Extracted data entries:
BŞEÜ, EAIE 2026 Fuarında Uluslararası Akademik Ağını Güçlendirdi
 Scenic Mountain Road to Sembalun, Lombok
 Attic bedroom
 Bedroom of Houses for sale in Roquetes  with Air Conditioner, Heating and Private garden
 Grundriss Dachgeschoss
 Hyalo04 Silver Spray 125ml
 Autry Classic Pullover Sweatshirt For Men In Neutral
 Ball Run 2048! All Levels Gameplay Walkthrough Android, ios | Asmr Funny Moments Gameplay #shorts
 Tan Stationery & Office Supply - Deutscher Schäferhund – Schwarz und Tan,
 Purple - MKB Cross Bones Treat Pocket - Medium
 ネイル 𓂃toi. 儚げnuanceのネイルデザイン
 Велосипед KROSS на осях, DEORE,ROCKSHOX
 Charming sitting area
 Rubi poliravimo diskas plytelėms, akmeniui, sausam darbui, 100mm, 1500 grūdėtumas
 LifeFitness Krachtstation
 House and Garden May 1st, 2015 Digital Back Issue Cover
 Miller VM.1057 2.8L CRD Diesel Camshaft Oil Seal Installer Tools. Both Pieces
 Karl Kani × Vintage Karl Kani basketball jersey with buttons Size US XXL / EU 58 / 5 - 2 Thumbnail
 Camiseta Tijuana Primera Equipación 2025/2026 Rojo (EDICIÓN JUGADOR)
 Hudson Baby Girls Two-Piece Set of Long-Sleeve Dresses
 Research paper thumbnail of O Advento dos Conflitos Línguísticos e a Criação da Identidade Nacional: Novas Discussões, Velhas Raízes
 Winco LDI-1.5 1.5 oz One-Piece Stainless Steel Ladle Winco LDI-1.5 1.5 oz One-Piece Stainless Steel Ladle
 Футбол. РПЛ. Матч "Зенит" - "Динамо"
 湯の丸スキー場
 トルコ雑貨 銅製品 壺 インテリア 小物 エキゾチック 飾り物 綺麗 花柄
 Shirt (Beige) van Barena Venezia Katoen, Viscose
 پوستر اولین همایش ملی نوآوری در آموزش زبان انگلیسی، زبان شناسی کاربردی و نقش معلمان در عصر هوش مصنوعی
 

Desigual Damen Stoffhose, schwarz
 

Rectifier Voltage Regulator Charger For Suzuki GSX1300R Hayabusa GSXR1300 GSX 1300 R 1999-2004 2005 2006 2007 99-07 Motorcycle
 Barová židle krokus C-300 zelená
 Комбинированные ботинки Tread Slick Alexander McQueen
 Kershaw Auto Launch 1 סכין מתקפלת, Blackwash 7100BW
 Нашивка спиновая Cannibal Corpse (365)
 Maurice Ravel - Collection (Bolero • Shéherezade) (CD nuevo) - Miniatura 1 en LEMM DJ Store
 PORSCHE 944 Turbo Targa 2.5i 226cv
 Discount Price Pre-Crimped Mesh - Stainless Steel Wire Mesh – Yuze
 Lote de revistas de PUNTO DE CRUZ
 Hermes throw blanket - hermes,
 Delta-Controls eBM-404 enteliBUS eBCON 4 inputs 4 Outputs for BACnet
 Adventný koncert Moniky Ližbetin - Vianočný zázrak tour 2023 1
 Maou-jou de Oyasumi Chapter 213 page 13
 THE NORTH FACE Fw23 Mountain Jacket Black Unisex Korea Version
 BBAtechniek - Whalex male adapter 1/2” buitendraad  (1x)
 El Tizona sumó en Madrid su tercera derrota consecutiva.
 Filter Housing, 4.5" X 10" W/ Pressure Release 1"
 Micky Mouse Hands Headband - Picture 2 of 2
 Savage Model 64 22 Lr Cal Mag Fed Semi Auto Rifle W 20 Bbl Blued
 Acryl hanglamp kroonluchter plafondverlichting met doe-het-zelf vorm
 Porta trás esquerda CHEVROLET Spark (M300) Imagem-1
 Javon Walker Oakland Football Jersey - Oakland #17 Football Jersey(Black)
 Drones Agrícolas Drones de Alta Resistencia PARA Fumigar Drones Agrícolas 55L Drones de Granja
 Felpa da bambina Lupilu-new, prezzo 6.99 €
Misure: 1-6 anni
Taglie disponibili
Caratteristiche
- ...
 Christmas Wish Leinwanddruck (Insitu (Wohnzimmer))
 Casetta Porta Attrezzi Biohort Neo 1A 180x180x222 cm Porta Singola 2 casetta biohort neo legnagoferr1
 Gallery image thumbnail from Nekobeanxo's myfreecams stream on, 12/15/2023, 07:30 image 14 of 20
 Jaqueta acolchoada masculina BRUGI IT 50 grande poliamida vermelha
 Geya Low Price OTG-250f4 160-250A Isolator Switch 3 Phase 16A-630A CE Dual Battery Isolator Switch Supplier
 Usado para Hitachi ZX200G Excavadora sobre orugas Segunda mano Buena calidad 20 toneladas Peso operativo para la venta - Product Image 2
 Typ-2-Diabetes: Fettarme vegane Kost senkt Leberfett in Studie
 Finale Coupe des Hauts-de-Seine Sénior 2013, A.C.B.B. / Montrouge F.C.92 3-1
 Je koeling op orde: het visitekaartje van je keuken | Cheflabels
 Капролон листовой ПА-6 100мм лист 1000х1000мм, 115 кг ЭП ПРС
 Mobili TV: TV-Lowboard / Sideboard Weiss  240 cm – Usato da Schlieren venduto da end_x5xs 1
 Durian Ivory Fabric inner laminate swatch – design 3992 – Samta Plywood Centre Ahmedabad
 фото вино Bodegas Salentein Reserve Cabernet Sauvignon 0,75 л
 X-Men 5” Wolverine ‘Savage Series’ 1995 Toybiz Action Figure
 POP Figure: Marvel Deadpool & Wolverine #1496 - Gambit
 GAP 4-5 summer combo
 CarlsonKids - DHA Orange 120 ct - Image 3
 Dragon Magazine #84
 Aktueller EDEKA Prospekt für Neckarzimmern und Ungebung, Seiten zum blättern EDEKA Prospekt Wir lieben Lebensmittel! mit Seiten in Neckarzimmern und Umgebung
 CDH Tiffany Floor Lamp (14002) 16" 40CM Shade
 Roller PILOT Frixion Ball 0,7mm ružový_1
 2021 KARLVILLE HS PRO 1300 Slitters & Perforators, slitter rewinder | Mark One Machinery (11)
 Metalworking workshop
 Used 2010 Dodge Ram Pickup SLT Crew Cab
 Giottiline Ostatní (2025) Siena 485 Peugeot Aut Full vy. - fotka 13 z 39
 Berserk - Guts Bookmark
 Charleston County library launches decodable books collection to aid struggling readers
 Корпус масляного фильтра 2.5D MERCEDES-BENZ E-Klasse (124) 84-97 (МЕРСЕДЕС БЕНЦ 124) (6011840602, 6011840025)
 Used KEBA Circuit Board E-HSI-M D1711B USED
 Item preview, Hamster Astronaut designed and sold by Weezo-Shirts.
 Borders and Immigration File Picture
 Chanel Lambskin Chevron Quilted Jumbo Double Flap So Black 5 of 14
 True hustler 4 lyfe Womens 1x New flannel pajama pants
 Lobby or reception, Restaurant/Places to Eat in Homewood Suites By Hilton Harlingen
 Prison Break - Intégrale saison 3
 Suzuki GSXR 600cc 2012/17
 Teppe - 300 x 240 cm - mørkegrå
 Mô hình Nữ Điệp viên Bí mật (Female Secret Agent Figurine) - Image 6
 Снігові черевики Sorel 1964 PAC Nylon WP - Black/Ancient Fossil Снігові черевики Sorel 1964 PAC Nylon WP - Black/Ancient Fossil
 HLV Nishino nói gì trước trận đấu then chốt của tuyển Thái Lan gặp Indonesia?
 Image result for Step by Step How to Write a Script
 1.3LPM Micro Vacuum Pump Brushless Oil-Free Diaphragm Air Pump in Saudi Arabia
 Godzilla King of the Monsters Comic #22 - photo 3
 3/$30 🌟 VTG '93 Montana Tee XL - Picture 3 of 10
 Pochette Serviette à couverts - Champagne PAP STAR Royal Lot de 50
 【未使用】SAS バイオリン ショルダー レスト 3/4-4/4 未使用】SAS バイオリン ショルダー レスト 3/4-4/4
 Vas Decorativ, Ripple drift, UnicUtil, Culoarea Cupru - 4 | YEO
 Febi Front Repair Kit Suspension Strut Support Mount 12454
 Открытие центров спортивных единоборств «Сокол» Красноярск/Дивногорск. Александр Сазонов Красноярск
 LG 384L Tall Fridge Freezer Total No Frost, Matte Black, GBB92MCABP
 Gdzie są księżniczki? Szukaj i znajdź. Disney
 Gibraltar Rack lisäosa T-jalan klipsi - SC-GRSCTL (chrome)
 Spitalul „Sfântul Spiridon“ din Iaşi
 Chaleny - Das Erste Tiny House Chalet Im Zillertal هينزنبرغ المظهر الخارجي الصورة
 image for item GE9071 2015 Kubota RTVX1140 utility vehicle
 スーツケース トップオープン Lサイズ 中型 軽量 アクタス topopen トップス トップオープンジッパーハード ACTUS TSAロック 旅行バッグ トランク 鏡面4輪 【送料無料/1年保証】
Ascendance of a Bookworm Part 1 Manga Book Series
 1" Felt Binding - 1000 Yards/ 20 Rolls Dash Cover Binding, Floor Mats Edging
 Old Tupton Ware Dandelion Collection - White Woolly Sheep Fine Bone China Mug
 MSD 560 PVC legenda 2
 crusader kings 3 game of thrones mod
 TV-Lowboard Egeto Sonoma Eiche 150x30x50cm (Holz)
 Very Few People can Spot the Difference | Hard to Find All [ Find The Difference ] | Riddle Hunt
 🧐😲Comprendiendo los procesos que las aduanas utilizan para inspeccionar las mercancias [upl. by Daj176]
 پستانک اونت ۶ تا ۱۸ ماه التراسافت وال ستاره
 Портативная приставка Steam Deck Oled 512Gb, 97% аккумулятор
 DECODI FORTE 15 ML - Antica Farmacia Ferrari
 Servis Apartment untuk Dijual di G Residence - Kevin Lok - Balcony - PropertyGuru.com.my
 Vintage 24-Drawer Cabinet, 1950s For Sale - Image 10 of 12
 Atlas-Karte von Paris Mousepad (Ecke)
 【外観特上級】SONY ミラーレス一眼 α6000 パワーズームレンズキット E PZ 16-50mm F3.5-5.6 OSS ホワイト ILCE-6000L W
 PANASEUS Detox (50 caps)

Your assignment
Would you output, unchanged, each line from the start of the records to the line that holds "House and Garden", both included and nothing else?

Exercise response
BŞEÜ, EAIE 2026 Fuarında Uluslararası Akademik Ağını Güçlendirdi
 Scenic Mountain Road to Sembalun, Lombok
 Attic bedroom
 Bedroom of Houses for sale in Roquetes  with Air Conditioner, Heating and Private garden
 Grundriss Dachgeschoss
 Hyalo04 Silver Spray 125ml
 Autry Classic Pullover Sweatshirt For Men In Neutral
 Ball Run 2048! All Levels Gameplay Walkthrough Android, ios | Asmr Funny Moments Gameplay #shorts
 Tan Stationery & Office Supply - Deutscher Schäferhund – Schwarz und Tan,
 Purple - MKB Cross Bones Treat Pocket - Medium
 ネイル 𓂃toi. 儚げnuanceのネイルデザイン
 Велосипед KROSS на осях, DEORE,ROCKSHOX
 Charming sitting area
 Rubi poliravimo diskas plytelėms, akmeniui, sausam darbui, 100mm, 1500 grūdėtumas
 LifeFitness Krachtstation
 House and Garden May 1st, 2015 Digital Back Issue Cover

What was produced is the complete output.